• [Data to use]

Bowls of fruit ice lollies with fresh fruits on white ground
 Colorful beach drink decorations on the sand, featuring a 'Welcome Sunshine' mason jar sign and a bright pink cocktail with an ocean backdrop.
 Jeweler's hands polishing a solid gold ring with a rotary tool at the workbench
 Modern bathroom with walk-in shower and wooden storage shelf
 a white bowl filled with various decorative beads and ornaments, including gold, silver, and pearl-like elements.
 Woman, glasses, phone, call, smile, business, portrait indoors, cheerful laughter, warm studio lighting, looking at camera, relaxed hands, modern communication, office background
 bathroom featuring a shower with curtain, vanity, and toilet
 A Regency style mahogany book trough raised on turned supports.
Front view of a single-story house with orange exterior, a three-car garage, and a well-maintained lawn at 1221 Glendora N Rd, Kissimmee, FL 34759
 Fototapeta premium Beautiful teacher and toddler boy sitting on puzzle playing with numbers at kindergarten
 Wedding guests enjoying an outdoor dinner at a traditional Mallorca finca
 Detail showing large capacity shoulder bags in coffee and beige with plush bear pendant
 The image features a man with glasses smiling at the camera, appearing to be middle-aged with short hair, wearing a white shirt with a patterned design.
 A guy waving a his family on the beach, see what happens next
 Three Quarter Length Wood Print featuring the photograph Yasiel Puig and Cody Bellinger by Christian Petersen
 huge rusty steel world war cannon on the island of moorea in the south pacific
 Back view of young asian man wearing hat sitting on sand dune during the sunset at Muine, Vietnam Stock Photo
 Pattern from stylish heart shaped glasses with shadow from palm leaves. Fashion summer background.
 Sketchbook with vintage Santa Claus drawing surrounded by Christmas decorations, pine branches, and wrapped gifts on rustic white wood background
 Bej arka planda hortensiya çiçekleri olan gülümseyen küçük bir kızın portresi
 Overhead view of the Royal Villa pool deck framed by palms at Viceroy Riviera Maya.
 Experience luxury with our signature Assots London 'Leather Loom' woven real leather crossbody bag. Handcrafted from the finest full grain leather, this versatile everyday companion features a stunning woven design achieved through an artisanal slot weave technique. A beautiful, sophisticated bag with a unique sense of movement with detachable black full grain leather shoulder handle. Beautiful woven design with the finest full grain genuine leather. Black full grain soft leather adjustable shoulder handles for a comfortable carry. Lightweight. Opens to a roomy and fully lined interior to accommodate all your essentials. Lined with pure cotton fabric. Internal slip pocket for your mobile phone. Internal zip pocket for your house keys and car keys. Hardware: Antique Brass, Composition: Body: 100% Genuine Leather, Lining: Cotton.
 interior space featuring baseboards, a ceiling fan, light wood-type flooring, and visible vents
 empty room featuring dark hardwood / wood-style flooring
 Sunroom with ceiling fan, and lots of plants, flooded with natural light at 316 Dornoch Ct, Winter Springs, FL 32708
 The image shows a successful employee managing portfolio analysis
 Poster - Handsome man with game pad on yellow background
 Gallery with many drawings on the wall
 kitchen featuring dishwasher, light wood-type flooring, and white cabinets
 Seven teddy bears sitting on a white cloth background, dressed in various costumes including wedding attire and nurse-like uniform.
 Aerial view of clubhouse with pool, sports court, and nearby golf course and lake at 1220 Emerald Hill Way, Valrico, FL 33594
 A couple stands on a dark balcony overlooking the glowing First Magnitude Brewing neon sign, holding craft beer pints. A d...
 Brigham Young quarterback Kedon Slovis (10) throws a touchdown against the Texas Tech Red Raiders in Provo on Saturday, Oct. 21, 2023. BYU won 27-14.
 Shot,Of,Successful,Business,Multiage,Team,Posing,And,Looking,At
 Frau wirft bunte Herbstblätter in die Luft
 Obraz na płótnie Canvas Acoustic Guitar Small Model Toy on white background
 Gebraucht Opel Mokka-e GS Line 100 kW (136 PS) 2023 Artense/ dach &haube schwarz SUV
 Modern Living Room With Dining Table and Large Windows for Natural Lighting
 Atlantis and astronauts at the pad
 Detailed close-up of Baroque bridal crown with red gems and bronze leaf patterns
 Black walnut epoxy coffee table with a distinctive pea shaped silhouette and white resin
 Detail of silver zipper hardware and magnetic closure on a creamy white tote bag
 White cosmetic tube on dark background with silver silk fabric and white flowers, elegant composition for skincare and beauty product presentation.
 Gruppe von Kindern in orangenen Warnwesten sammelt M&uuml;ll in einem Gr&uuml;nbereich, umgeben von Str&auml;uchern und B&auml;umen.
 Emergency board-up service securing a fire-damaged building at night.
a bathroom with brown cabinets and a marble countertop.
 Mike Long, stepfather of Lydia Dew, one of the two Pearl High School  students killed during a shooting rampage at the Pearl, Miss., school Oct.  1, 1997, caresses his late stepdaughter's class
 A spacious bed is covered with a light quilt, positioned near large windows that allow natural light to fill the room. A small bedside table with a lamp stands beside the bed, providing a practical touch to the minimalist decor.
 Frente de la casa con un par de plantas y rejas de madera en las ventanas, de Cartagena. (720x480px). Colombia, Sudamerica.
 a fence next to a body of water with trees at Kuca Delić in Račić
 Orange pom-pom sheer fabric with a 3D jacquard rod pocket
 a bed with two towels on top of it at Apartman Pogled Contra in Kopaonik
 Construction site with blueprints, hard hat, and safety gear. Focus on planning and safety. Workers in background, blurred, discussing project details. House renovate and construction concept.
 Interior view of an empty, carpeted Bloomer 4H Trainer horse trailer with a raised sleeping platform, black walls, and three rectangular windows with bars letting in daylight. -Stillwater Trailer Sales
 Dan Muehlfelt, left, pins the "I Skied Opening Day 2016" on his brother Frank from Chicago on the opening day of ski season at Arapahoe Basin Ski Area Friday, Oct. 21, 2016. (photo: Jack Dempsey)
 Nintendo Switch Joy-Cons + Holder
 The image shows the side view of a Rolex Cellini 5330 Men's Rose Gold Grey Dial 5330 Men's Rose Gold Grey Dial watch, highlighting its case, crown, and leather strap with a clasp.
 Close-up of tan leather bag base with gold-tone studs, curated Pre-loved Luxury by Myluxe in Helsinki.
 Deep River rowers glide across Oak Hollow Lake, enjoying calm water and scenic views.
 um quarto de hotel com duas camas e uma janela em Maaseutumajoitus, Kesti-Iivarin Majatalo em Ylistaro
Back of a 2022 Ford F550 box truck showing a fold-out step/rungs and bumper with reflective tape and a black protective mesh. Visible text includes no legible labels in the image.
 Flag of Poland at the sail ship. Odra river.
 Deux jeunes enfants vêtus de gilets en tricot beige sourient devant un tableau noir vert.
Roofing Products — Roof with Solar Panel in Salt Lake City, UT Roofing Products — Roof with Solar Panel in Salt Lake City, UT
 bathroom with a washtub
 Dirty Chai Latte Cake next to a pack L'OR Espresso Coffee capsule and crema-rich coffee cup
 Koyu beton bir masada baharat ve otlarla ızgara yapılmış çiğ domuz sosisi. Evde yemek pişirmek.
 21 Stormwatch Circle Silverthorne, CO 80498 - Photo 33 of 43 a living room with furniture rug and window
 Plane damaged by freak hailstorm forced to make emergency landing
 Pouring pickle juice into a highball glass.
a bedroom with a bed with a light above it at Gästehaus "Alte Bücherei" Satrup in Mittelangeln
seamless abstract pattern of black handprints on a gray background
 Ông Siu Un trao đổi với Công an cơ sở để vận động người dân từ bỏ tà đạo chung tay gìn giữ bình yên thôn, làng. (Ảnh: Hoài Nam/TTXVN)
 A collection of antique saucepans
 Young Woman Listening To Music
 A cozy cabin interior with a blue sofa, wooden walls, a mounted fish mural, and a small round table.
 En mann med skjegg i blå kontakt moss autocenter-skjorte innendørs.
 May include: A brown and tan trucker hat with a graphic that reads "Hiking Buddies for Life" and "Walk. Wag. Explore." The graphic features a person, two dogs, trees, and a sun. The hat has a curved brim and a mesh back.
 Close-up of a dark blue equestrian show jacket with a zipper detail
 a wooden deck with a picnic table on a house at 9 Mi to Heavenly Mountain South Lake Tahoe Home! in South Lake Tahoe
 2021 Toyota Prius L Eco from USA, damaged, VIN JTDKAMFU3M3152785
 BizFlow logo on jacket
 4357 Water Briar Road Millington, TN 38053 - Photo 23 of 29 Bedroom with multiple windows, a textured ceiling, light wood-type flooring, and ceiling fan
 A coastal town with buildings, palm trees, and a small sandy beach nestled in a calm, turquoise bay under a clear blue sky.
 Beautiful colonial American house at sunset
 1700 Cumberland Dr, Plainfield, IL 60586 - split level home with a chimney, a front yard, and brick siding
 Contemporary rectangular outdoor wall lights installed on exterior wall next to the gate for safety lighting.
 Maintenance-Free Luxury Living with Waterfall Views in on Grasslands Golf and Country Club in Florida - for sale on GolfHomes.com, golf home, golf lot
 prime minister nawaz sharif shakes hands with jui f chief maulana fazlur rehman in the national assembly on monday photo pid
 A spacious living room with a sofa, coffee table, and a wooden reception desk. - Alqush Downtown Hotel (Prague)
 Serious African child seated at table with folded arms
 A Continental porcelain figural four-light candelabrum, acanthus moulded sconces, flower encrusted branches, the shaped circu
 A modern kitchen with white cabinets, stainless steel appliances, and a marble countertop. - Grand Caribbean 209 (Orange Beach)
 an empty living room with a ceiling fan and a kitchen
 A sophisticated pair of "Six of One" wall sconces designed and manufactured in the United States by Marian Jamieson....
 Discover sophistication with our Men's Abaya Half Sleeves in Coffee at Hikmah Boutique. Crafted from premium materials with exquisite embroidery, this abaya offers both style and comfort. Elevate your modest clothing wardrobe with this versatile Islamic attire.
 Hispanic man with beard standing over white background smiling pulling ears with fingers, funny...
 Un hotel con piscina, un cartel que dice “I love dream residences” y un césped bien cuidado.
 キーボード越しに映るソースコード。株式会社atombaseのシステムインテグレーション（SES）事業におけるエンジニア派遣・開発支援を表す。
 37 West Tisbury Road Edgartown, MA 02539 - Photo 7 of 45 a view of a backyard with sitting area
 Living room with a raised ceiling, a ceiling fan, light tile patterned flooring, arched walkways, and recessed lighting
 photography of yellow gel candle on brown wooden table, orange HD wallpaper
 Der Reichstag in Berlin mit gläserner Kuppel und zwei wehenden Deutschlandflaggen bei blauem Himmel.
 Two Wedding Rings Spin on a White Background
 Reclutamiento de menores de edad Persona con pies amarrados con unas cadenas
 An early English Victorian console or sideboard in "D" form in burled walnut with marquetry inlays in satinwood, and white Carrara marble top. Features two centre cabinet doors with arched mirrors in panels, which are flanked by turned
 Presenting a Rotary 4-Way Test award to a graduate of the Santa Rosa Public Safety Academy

• [Activity]
Using the entries above, give back exactly the line containing "Hispanic man with", the line containing "37 West Tisbury", and every line between them, and nothing else.

• [Task result]
 Hispanic man with beard standing over white background smiling pulling ears with fingers, funny...
 Un hotel con piscina, un cartel que dice “I love dream residences” y un césped bien cuidado.
 キーボード越しに映るソースコード。株式会社atombaseのシステムインテグレーション（SES）事業におけるエンジニア派遣・開発支援を表す。
 37 West Tisbury Road Edgartown, MA 02539 - Photo 7 of 45 a view of a backyard with sitting area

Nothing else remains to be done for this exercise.